2012年08月14日

黒石市「こみせ通り」と「つゆやきそば」

黒石市「こみせ通り」と「つゆやきそば」




  猛暑の夏に、十和田~弘前~盛岡と車で巡った旅の話の続き。

 十和田湖畔を発って弘前市を目指すが、途中で正午を迎えると、次第に連れの“腹ペコ病”が出てきた。これは腹が減ると早く何か食べることにばかり気がいって、イライラして怒りっぽくなってしまう状態を指す。お互いに腹ペコ病が出ると、口論する確率が上昇する(苦笑)
 弘前まではとてももたない。途中でなにか食べていこうということになり、ガイドブックを見て、黒石のB級グルメ「つゆやきそば」を試してみようかと相成った。

 じつは、腹ペコ病にならなくても、できれば黒石市(人口3万5千人)には立ち寄りたいと思っていたのだった。
ガイドブックで「こみせ通り」の存在を知り、その風情にじぶんの故郷の秋田県湯沢市の在りし日の記憶を重ねていたからである。
 昔ながらの雰囲気が残る黒石市の中心街に入り、「中町こみせ通り」を探して、またも炎天下にその界隈を歩く。
 まずは、腹ペコ病からの快復をと、「中町こみせ通り」の一画にある「すずのや」という「つゆやきそば」専門店に入る。すでに昼食の時間は過ぎていたが、小さな大衆食堂といった感じの店の中には、観光客と思しき客が2、3組入っていた。そこでじぶんは「つゆやきそば」を、連れは先客に出されたその丼を見て気が変わったのか、ただの「焼きソバ」を注文した。
 ここの焼きソバは、ウドンと言った方がよさそうな太い帯状の麺に、しっかりとソースを絡ませた一品である。味はまぁまぁだが、炎天下に捜し求めてまで食べに来るほどのものではないかもしれないと思う。
 で、問題の「つゆやきそば」は、この焼きソバを日本蕎麦の汁に入れたもの。和風ダシの味とソースの絡めてあるソバが、意外にもうまく味のハーモニーを奏でている。ただし、これは“食事”としていただくという感じではない。小腹が空いたとき“買い食い”するものという感じである。

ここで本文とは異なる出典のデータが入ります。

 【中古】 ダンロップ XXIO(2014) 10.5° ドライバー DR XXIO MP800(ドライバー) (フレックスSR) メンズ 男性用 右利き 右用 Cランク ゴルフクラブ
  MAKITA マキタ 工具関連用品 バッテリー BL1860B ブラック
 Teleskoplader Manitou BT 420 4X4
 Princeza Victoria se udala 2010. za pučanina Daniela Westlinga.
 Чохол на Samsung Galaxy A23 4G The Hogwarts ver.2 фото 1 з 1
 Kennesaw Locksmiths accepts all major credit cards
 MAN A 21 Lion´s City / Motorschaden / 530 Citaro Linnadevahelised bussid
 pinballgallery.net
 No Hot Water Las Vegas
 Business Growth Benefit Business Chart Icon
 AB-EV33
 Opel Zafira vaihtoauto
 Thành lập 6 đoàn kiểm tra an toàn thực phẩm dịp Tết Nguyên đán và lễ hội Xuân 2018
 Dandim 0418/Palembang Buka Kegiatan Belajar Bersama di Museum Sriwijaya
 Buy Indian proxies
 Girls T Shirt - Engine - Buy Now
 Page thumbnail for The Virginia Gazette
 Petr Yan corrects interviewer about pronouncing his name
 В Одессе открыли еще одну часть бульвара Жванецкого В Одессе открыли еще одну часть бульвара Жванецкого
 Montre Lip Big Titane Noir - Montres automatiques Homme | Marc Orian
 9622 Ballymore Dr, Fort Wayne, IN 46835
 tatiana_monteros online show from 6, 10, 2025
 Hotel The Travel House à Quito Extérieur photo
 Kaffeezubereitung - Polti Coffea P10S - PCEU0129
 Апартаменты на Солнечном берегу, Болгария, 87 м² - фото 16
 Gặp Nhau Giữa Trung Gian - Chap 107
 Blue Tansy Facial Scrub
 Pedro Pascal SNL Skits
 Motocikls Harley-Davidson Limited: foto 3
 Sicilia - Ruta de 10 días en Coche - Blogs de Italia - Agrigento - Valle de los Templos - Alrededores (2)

 この店に「つゆやきそば」の発祥と、それを「B級グルメ」として再興した経緯について書かれたチラシがあった。するとやはり、もともとはある食堂が腹ペコ学生などの間食として、新聞紙に包んで売っていた焼きソバを、腹が膨れるようにソバの汁に入れて出したというのが始まりらしい。
 その食堂は無くなってしまったが、子どものころ口にした味に郷愁を覚えた人々が、名物を創ろうと意図的に復活させたのがいまの「黒石つゆやきそば」だということである。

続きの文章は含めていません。